Supplied records →
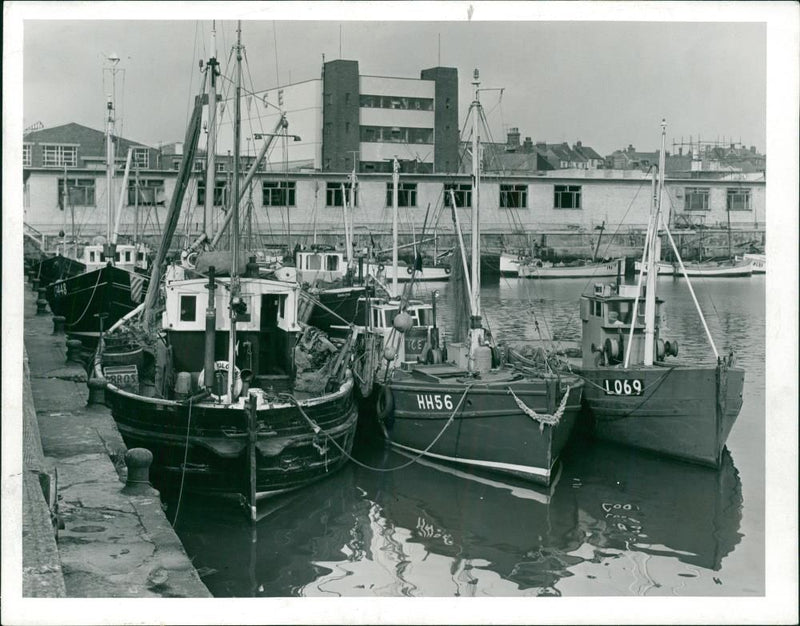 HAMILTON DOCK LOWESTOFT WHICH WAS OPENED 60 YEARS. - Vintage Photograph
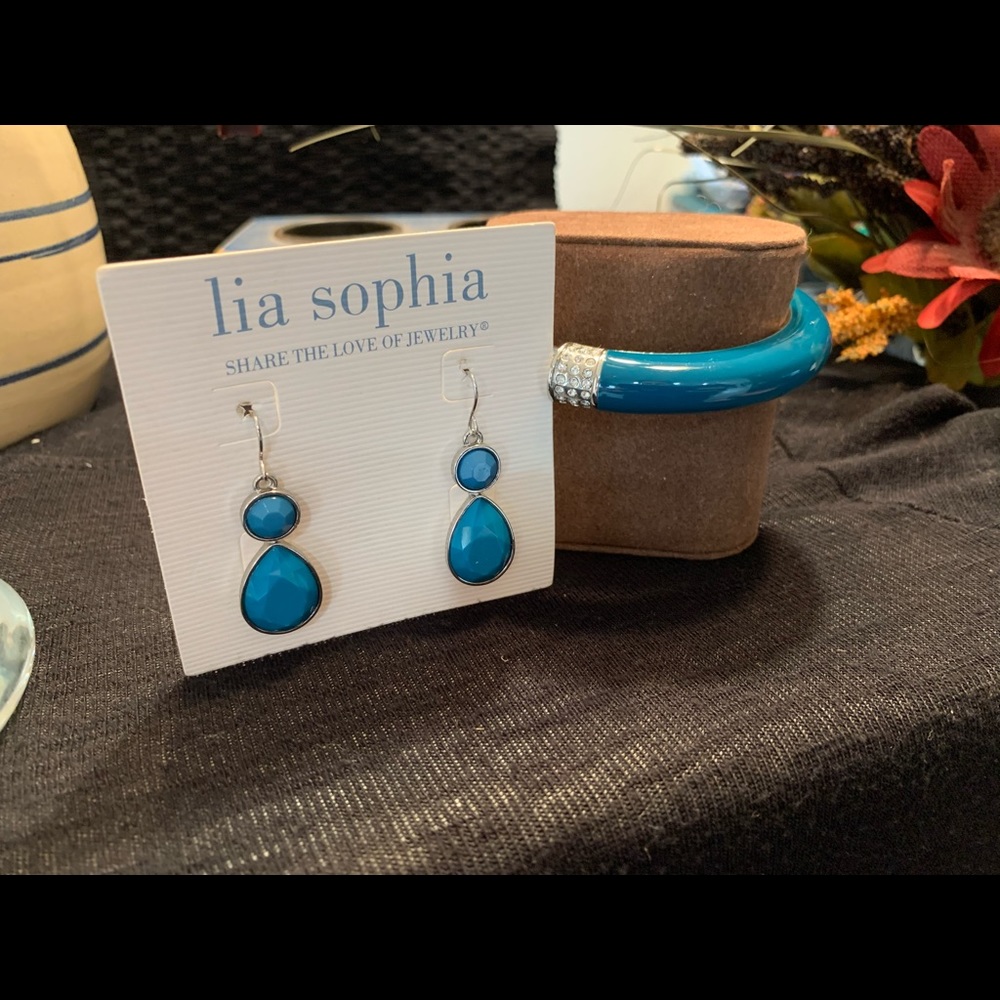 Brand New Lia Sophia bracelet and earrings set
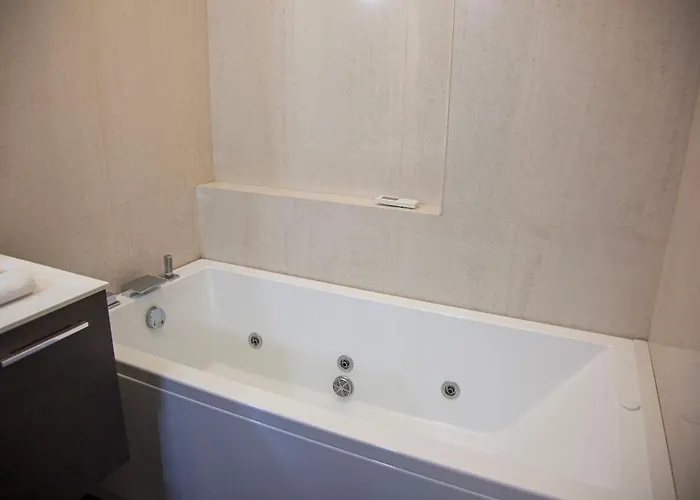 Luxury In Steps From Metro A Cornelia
---
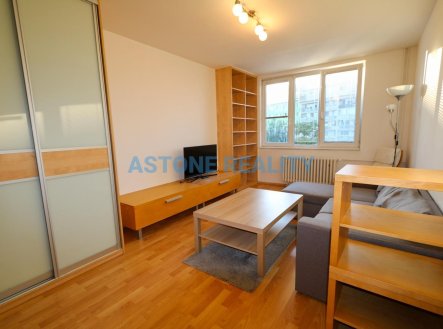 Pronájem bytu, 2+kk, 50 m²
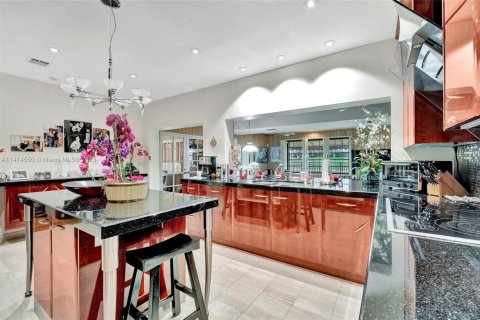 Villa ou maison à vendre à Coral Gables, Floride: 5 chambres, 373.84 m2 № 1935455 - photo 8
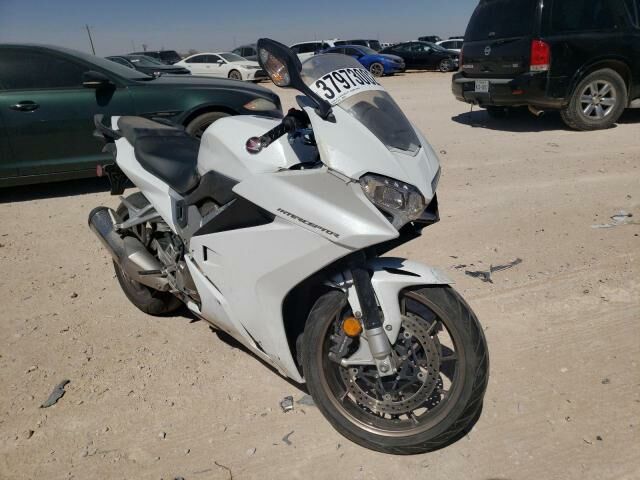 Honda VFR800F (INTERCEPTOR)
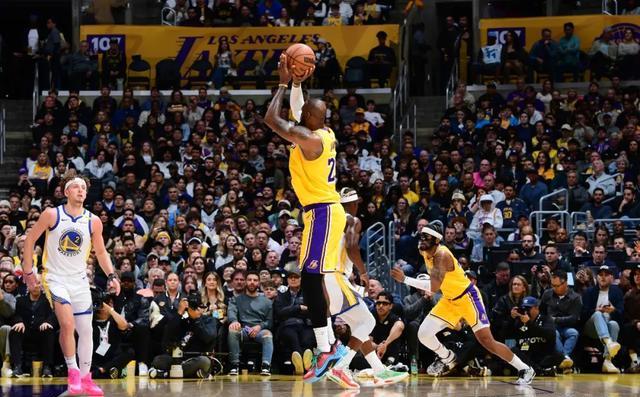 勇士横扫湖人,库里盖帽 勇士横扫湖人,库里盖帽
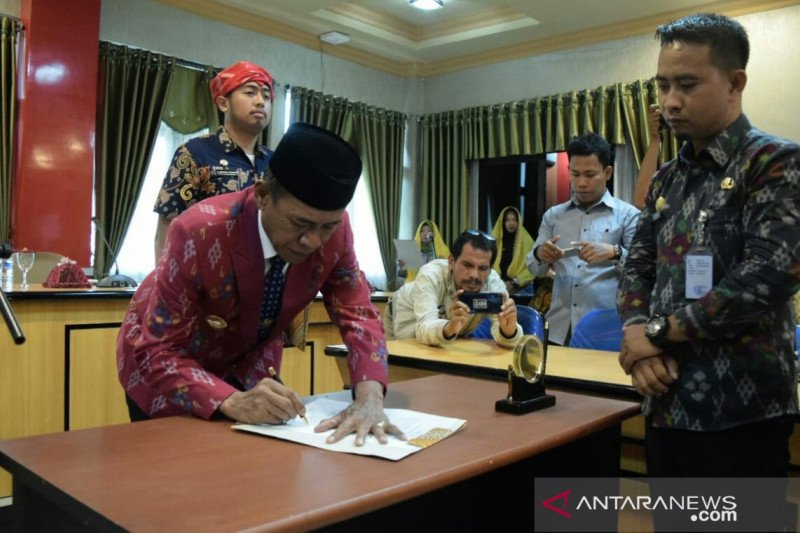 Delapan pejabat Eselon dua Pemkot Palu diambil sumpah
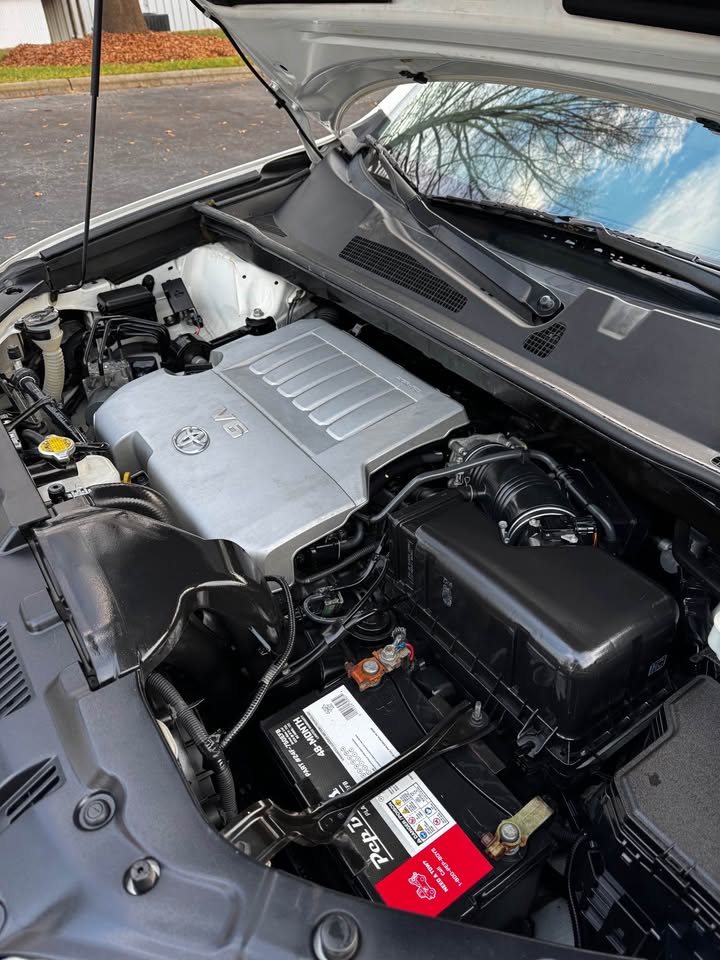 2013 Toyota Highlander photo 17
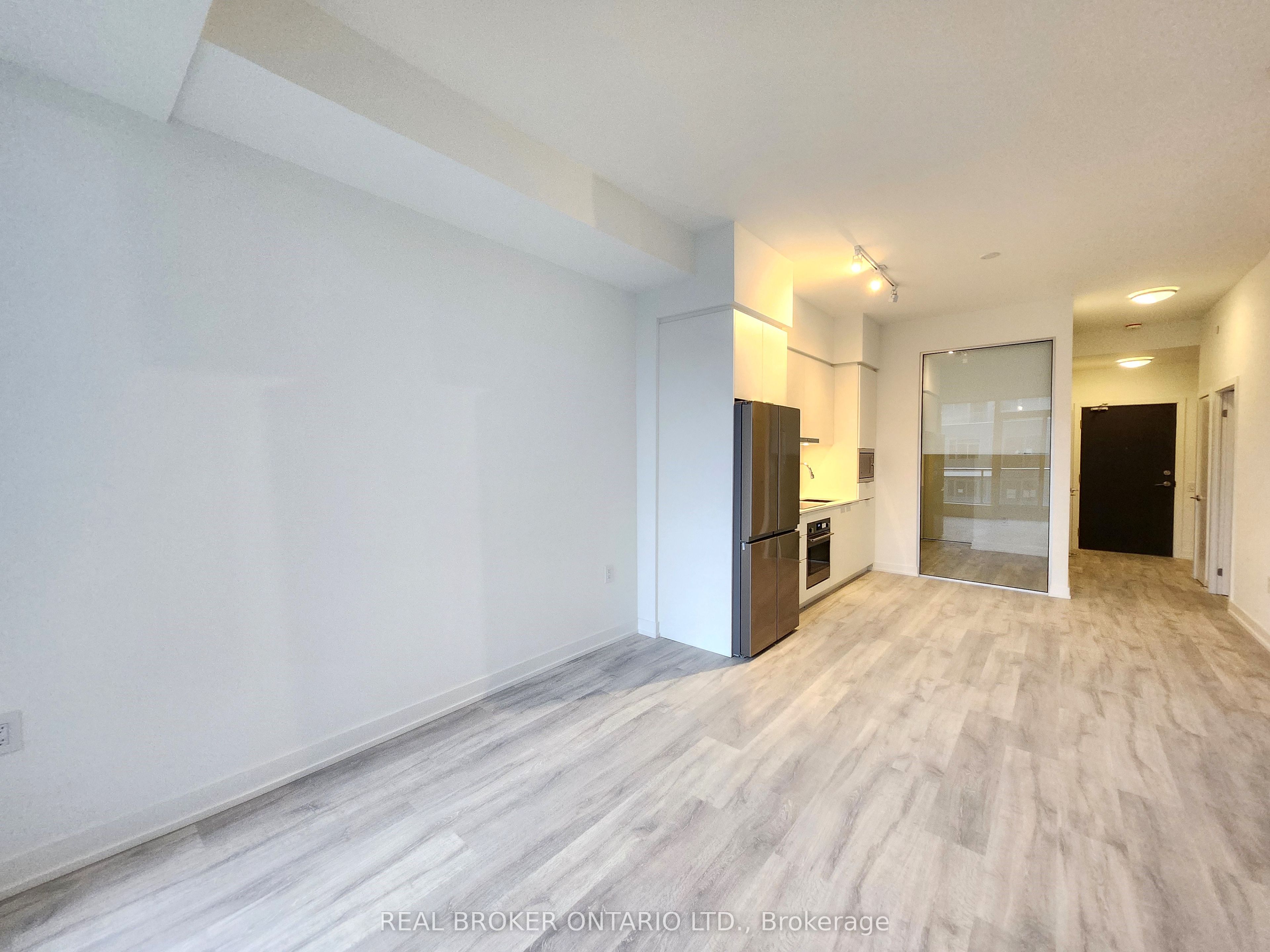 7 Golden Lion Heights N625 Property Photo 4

Assigned task → From the records above, copy exactly the stretch from the line holding "2013 Toyota Highlander photo 17" through the line holding "7 Golden Lion Heights N625 Property Photo 4", both ends included, without the pictures.

Answer space →
 2013 Toyota Highlander photo 17
 7 Golden Lion Heights N625 Property Photo 4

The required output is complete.